What causes the JVM to do a major garbage collection?
I have found four conditions that can cause a major GC (given my JVM config):
- The old gen area is full (even if it can be grown, a major GC will still be run first)
- The perm gen area is full (even if it can be grown, a major GC will still be run first)
- Someone is manually calling
System.gc()
: a bad library or something related to RMI (see links 1, 2 and 3) - The young gen areas are all full and nothing is ready to be moved into old gen (see 1)
As others have commented, cases 1 and 2 can be improved by allocating plenty of heap and permgen, and setting -Xms
and -Xmx
to the same value (along with the perm equivalents) to avoid dynamic heap resizing.
Case 3 can be avoided using the -XX:+DisableExplicitGC
flag.
Case 4 requires more involved tuning, e.g., -XX:NewRatio=N
(see Oracle's tuning guide).
Garbage collection is a pretty complicated topic, and while you could learn all the details about this, I think what’s happening in your case is pretty simple.
Sun’s Garbage Collection Tuning guide, under the “Explicit Garbage Collection” heading, warns:
applications can interact with garbage collection … by invoking full garbage collections explicitly … This can force a major collection to be done when it may not be necessary … One of the most commonly encountered uses of explicit garbage collection occurs with RMI … RMI forces full collections periodically
That guide says that the default time between garbage collections is one minute, but the sun.rmi Properties reference, under sun.rmi.dgc.server.gcInterval
says:
The default value is 3600000 milliseconds (one hour).
If you’re seeing major collections every hour in one application but not another, it’s probably because the application is using RMI, possibly only internally, and you haven’t added -XX:+DisableExplicitGC
to the startup flags.
Disable explicit GC, or test this hypothesis by setting -Dsun.rmi.dgc.server.gcInterval=7200000
and observing if GCs happen every two hours instead.
It depends on your configurations, since HotSpot configures itself differently in different Java environments. For example, in a server with more than 2GB and two processors some JVMs will be configured in '-server' mode instead of the default '-client' mode, which configure the sizes of the memory spaces (generations) differently, and that has an impact as to when garbage collection will occur.
A full GC can occur automatically, but also if you call the garbage collector in your code (ex: using System.gc()
). Automatically, it depends on how the minor collections are behaving.
There are at least two algorithms being used. If you are using defaults, a copying algorithm is used for minor collections, and a mark-sweep algorithm for major collections.

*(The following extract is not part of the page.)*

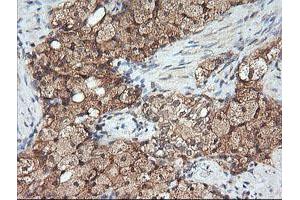 Image no. 5 for anti-Mitogen-Activated Protein Kinase Kinase 1 (MAP2K1) antibody (ABIN1499388) (MEK1 antibody)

A copying algorithm consists of copying used memory from one block to another, and then clearing the space containing the blocks with no references to them. The copying algorithm in the JVM uses uses a large area for objects that are created for the first time (called Eden
), and two smaller ones (called survivors
). Surviving objects are copied once from Eden
and several times from the survivor
spaces during each minor collection until they become tenured and are copied to another space (called tenured
space) where they can only be removed in a major collection.
Most of the objects in Eden
die quickly, so the first collection copies the surviving objects to the survivor spaces (which are by default much smaller). There are two survivors s1
and s2
. Every time the Eden
fills, the surviving objects from Eden
and s1
are copied to s2
, Eden
and s1
are cleared. Next time, survivors from Eden
and s2
are copied back to s1
. They keep on being copied from s1
to s2
to s1
until a certain number of copies is reached, or because a block is too big and doesn't fit, or some other criteria. Then the surviving memory block is copied to the tenured
generation.
The tenured
objects are not affected by the minor collections. They accumulate until the area gets full (or the garbage collector is called). Then the JVM will run a mark-sweep algorithm in a major collection which will preserve only the surviving objects that still have references.
If you have larger objects that don't fit into the survivors, they might be copied directly to the tenured
space, which will fill more quickly and you will get major collections more frequently.
Also, the sizes of the survivor spaces, amount of copies between s1
and s2
, Eden
size related to the size of s1
and s2
, size of the tenured generation, all these may be automatically configured differently in different environments with JVM ergonomics, which may automatically select a -server
or -client
behavior. You might try to run both JVMs as -server
or -client
and check if they still behave differently.